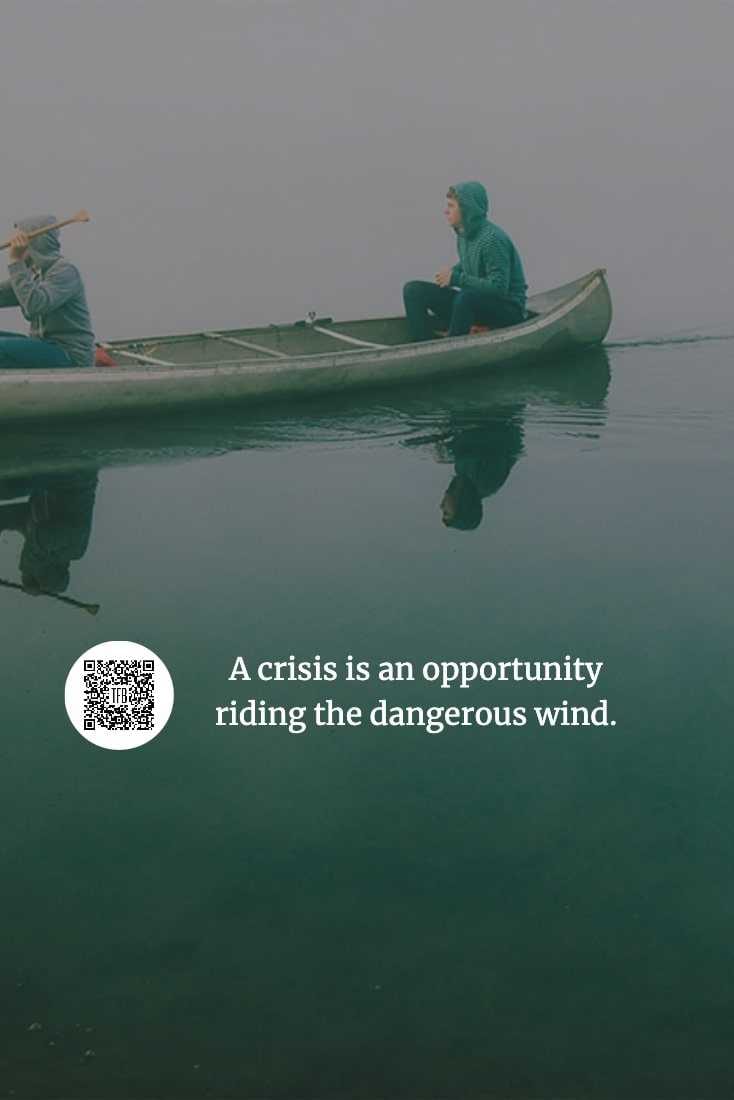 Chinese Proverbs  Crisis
• • • • •
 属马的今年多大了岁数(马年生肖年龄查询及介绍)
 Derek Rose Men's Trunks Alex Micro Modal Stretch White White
• • • • •
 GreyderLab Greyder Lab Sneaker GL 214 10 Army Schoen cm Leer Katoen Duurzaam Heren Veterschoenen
• • • • •
* **Work order**
Once you find the line with "属马的今年多大了岁数(马年生肖年龄查询及介绍)" in the entries above, output it and each line after it up to and including the line with "Derek Rose Men's", and nothing else.

* **Result for this task**
 属马的今年多大了岁数(马年生肖年龄查询及介绍)
 Derek Rose Men's Trunks Alex Micro Modal Stretch White White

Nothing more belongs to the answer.